The client now sends the cookie and an AuthRequest with type Step, that contains the type
of authentication credential being provided, and any other details. This COULD contain multiple
credentials, or a single one.

enum AuthCredential {
    Anonymous,
    Password { String },
    Webauthn {
        // see the webauthn impl for all the bits this will contain ...
    },
    TOTP {
        String
    }
}

struct AuthClientStep {
    Vec<AuthDetails>
}

The server verifies the credential, and marks that type of credential as failed or fulfilled.
On failure of a credential, AuthDenied is immediately sent. On success of a credential
the server can issue AuthSuccess or AuthResponse with new possible challenges. For example,
consider we initially send "password". The client provides the password. The server follows
 by "totp" as the next type. The client fails the totp, and is denied.

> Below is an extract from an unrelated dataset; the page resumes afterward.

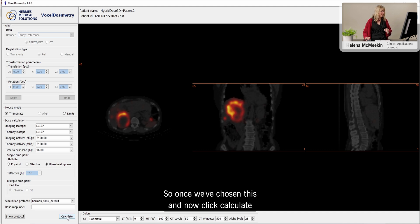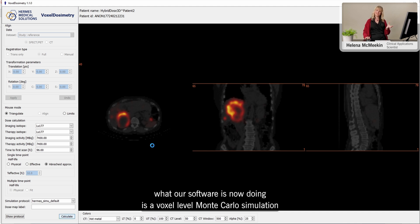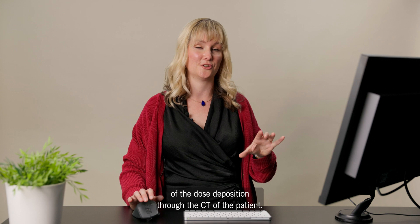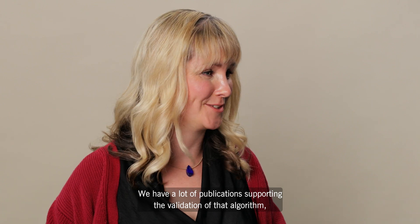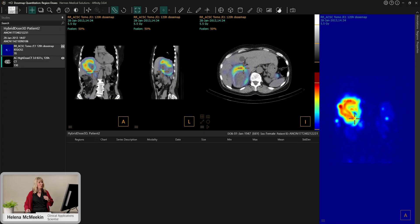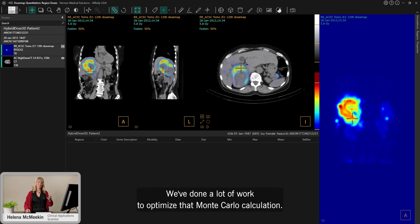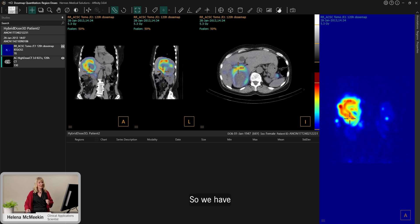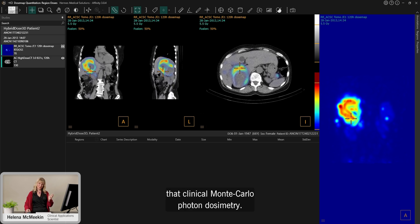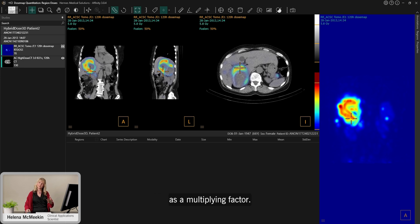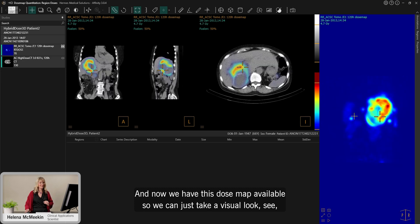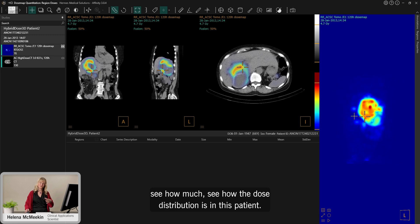Once we've chosen this, I click calculate. What our software is now doing is a voxel-level Monte Carlo simulation of the dose deposition through the CT of the patient. If you'd like more details on that, we have many publications supporting the validation of that algorithm. We've done a lot of work to optimize that Monte Carlo calculation so it's fast enough for clinical use. We have clinical Monte Carlo photon dosimetry; the electrons are treated purely as a multiplying factor. Now we have this dose map available so we can take a visual look at how the dose distribution is in this patient.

If the response is AuthSuccess, an auth token is issued. The auth token is a bearer token
(that's what reqwest supports). For more consideration, see, https://tools.ietf.org/html/rfc6750.

Notes:

* By tracking what auth steps we have seen in the server, we prevent replay attacks by re-starting
the state machine part way through. THe server enforces the client must always advance.
* If the account has done "too many" auth attempts, we just don't send a cookie in the
initial authRequest, which cause the client to always be denied.
* If the AuthRequest is started but not completed, we time it out within a set number of minutes
by walking the set of sessions and purging incomplete ones which have passed the time stamp.
* The session id is in the cookie to eliminate leaking of the session id (secure cookies), and
to prevent tampering of the session id if possible. It's not perfect, but it helps to prevent
casual attkcs. The session id itself is really the thing that protects us from replays.

Auth Questions
--------------

At a design level, we want to support ephemeral group information. There are two ways I have
thought of to achieve this.

Consider we have a "low priv" and a "high priv" group. The low priv only needs password
to "assign" membership, and the high priv requires password and totp.


Method One
==========

We have metadata on each groups generate memberOf (based on group info itself). This metadata
says what "strength and type" of authentication is required. The auth request would ask for
password, then when password is provided (and correct), it then requests
totp OR finalise. If you take finalise, you get authSuccess but the issued token
only has the group "low".

If you take totp, then finalise, you get authSuccess and the group low *and* high.

Method Two
==========

Groups define if they are "always issued" or "requestable". All group types define
requirements to be fulfilled for the request such as auth strength, connection
type, auth location etc.

In the AuthRequest if you specific no groups, you do the 'minimum' auth required by
the set of your "always" groups.

If you do AuthRequest and you request "high", this is now extended into the set
of your minimum auth required, which causes potentially more auth steps. However
the issued token now has group high in addition to low.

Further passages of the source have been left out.